→ **Exercise data**:

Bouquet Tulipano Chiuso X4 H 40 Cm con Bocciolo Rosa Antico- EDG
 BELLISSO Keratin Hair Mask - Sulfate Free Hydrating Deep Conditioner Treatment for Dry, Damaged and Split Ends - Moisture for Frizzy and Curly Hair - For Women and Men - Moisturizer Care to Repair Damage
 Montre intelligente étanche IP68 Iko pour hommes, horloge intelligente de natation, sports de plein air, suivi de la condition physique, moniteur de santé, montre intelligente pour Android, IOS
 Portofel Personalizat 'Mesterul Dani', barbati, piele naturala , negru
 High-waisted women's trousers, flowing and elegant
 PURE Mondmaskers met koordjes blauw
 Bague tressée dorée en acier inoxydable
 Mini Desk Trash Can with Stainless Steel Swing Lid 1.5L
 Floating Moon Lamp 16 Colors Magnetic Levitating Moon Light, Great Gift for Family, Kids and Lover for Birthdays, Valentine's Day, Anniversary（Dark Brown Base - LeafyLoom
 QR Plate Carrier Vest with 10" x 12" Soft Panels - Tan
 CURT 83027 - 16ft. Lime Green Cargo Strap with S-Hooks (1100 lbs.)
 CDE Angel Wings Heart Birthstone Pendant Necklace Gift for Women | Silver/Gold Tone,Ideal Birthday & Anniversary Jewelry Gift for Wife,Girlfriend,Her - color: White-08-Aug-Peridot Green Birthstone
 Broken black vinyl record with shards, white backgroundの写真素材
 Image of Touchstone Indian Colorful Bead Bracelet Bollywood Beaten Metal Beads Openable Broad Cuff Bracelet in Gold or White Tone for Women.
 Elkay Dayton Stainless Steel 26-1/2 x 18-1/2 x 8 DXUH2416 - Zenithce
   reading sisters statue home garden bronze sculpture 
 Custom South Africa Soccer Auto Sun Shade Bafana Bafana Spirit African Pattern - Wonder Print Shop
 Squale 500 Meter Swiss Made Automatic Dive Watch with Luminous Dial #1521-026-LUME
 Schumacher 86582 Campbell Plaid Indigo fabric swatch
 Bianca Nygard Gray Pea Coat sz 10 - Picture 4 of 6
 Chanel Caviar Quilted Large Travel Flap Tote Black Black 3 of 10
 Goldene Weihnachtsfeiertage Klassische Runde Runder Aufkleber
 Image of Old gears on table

→ **Work to be completed**: Using the records above, set down exactly the lines from the one with "Bague tressée dorée en acier inoxydable" through the one with "Broken black vinyl", inclusive, and nothing more.

→ **Exercise result**:
 Bague tressée dorée en acier inoxydable
 Mini Desk Trash Can with Stainless Steel Swing Lid 1.5L
 Floating Moon Lamp 16 Colors Magnetic Levitating Moon Light, Great Gift for Family, Kids and Lover for Birthdays, Valentine's Day, Anniversary（Dark Brown Base - LeafyLoom
 QR Plate Carrier Vest with 10" x 12" Soft Panels - Tan
 CURT 83027 - 16ft. Lime Green Cargo Strap with S-Hooks (1100 lbs.)
 CDE Angel Wings Heart Birthstone Pendant Necklace Gift for Women | Silver/Gold Tone,Ideal Birthday & Anniversary Jewelry Gift for Wife,Girlfriend,Her - color: White-08-Aug-Peridot Green Birthstone
 Broken black vinyl record with shards, white backgroundの写真素材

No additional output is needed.